▶ **Records supplied**

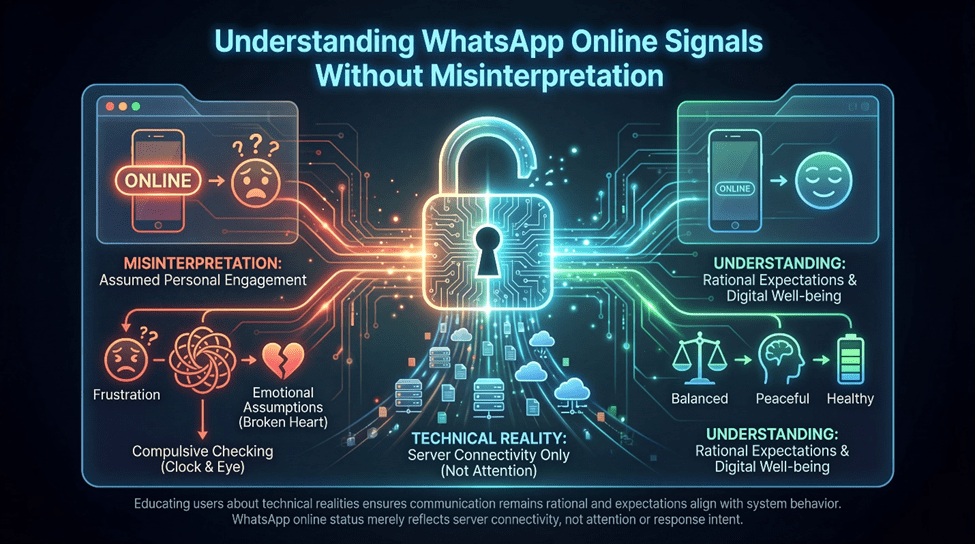 Understanding WhatsApp Online Signals Without Misinterpretation
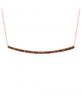 Champagne diamond bar necklace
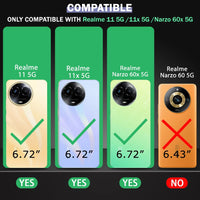 VAKIBO Super Premium Black Border Transparent Case With Corner Protection & Camera Protection Suitable for Realme 11 5G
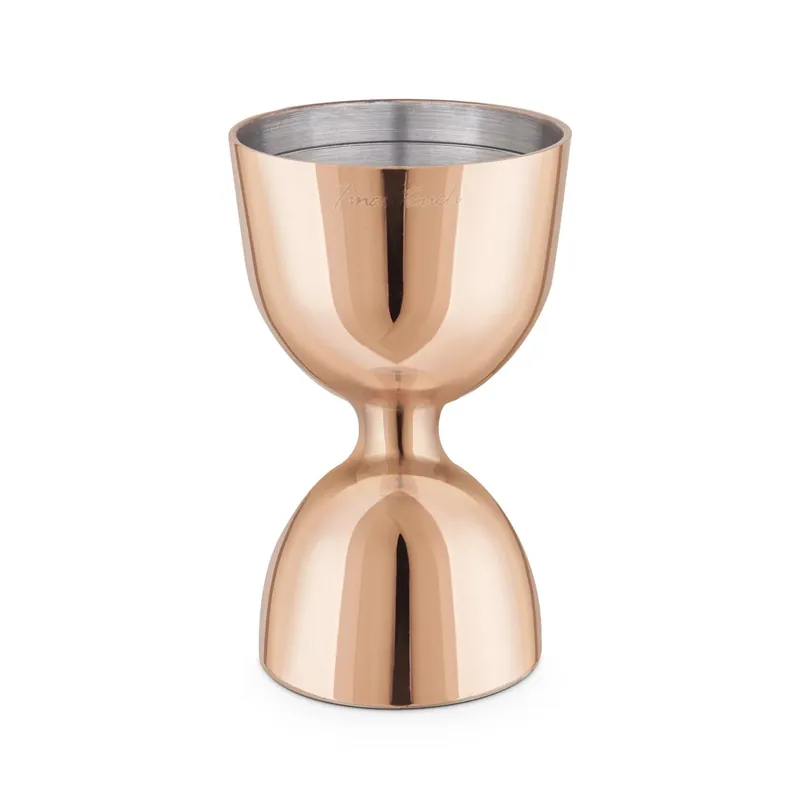 Copper Stainless Steel Double Jigger - 1 Ounce And 2 Ounce Measurements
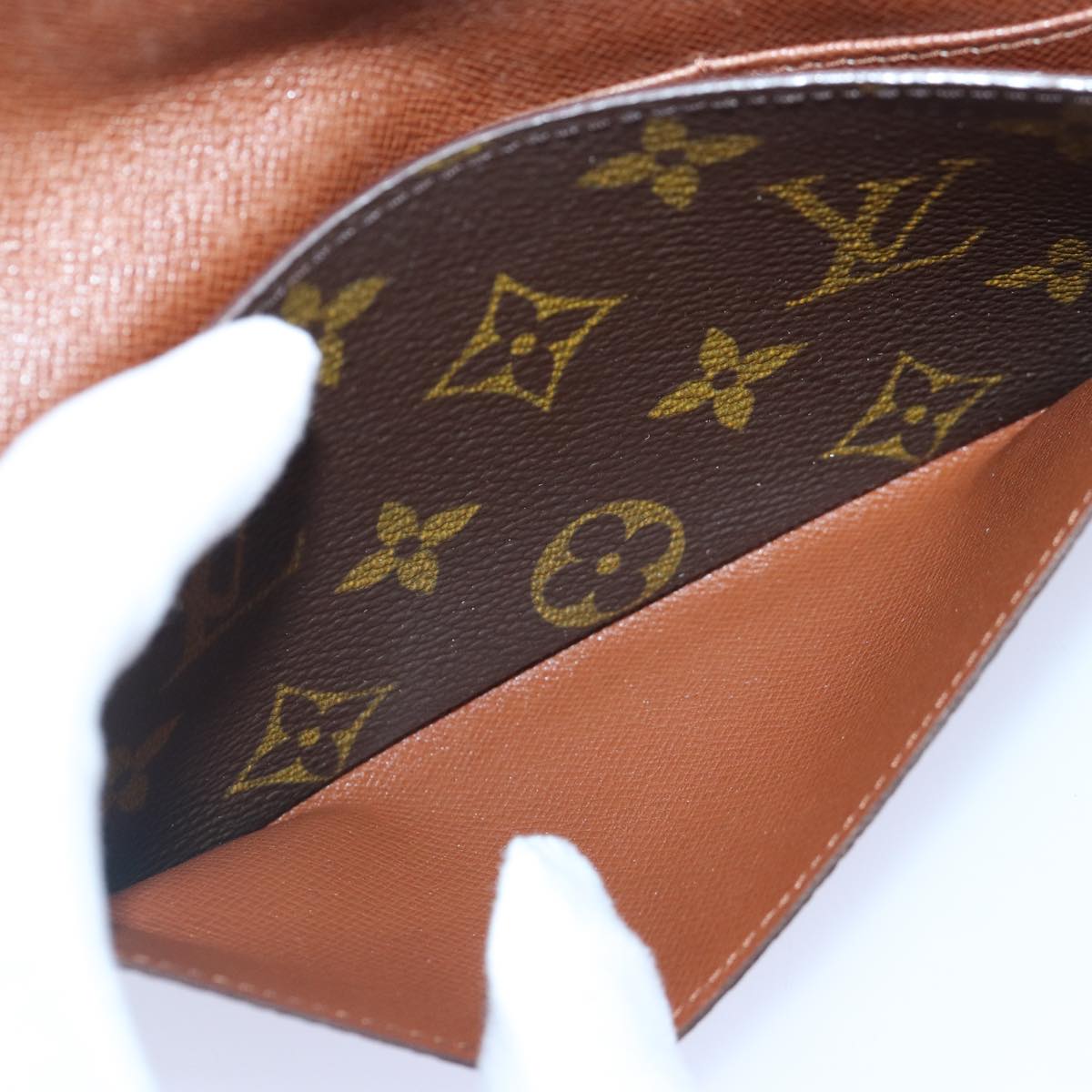 LOUIS VUITTON Monogram Porte Yen 3 Credit Long Wallet M61818 LV Auth bs17103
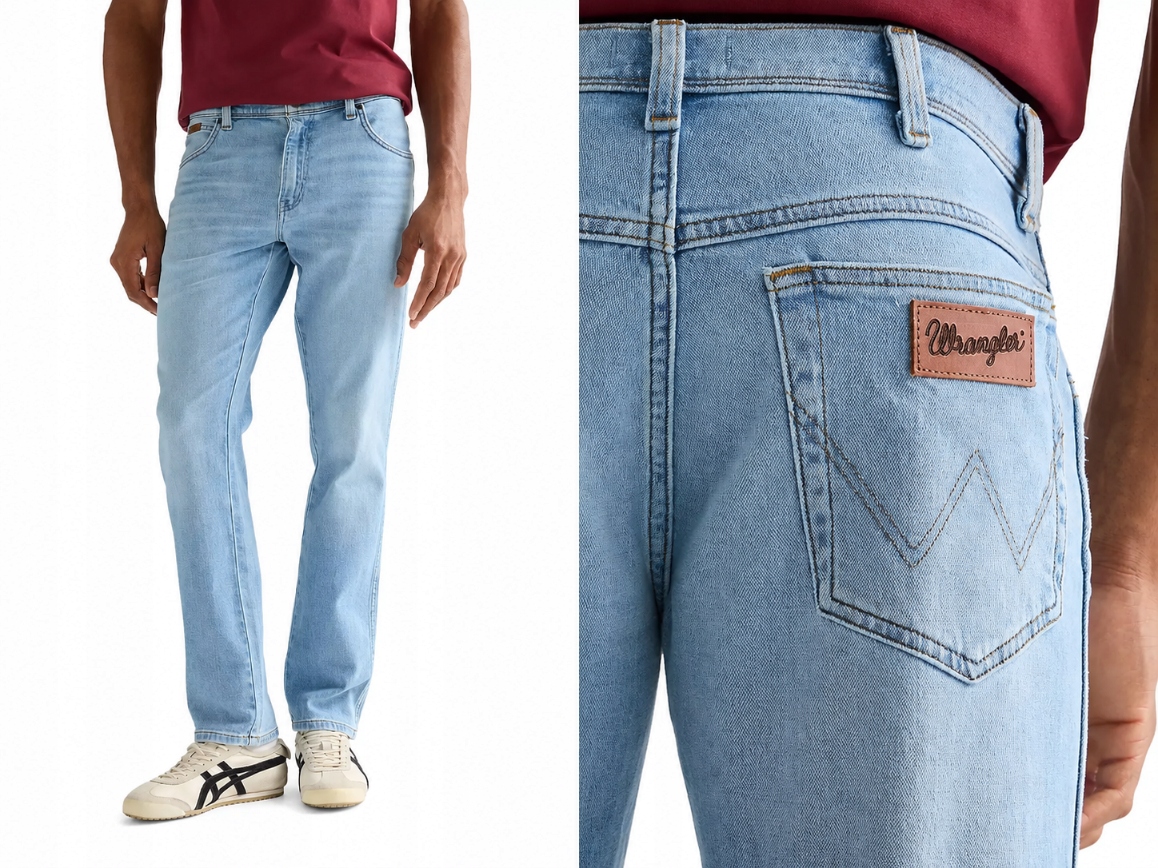 Wrangler Texas Slim pánské zúžené džínové kalhoty modré W38 L32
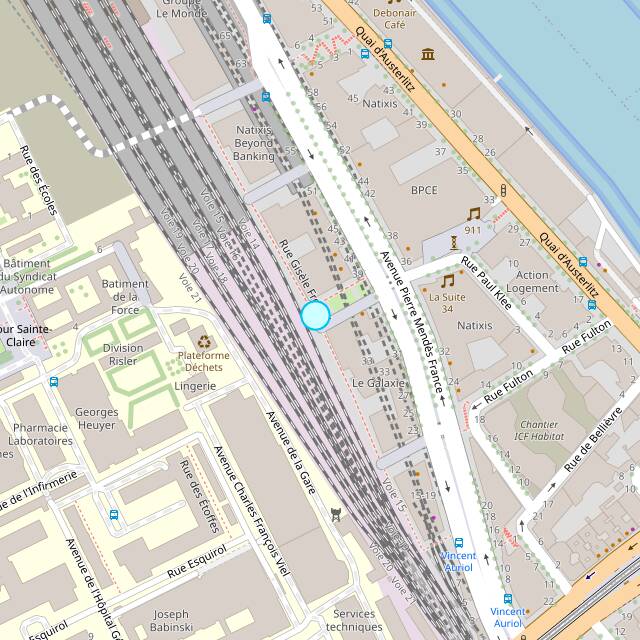 Carte d'accès du jardin Vivian Maier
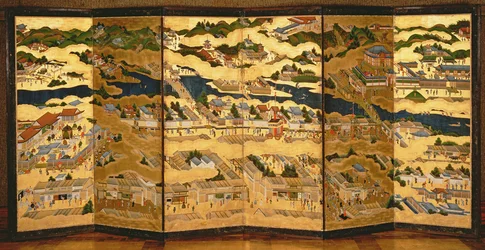 In and around the environs of Kyoto, Edo Period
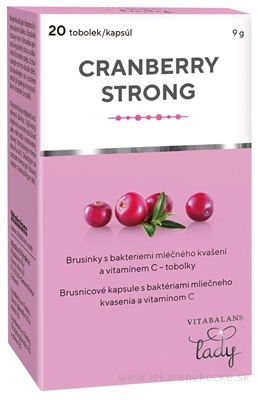 Vitabalans Cranberry Strong cps 1x20 ks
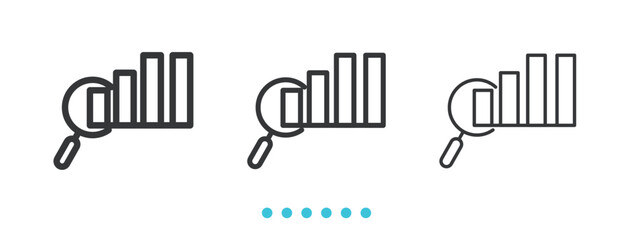 Data Analysis icon. Thin line icon vector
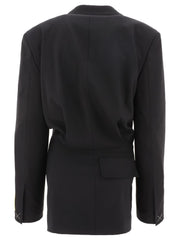 Asymmetric blazer dress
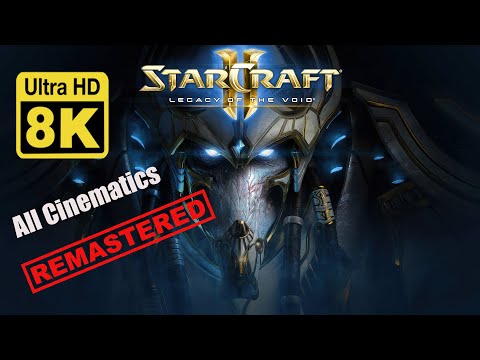 Starcraft 2: Legacy of the Void  ALL IN-GAME CINEMATICS 8K (Remastered with Neural Network AI)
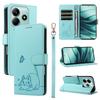 Магнитный кожаный чехол-кошелек с откидной крышкой для Xiaomi Redmi Note 8 8T 9 10 11 12 13 14 Pro 4G 5G | Тисненый дизайн с изображением кошек и бабочек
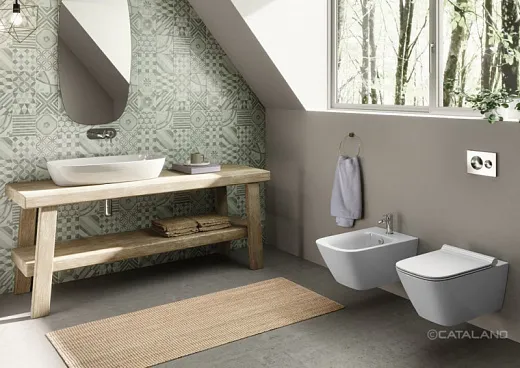 Унитаз подвесной безободковый Catalano Green 55x37 0411550001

▶ **What is expected**
The required result is the entries above, printed exactly from the first line through the line with "VAKIBO Super Premium", pictures excluded.

▶ **Finished exercise**
 Understanding WhatsApp Online Signals Without Misinterpretation
 Champagne diamond bar necklace
 VAKIBO Super Premium Black Border Transparent Case With Corner Protection & Camera Protection Suitable for Realme 11 5G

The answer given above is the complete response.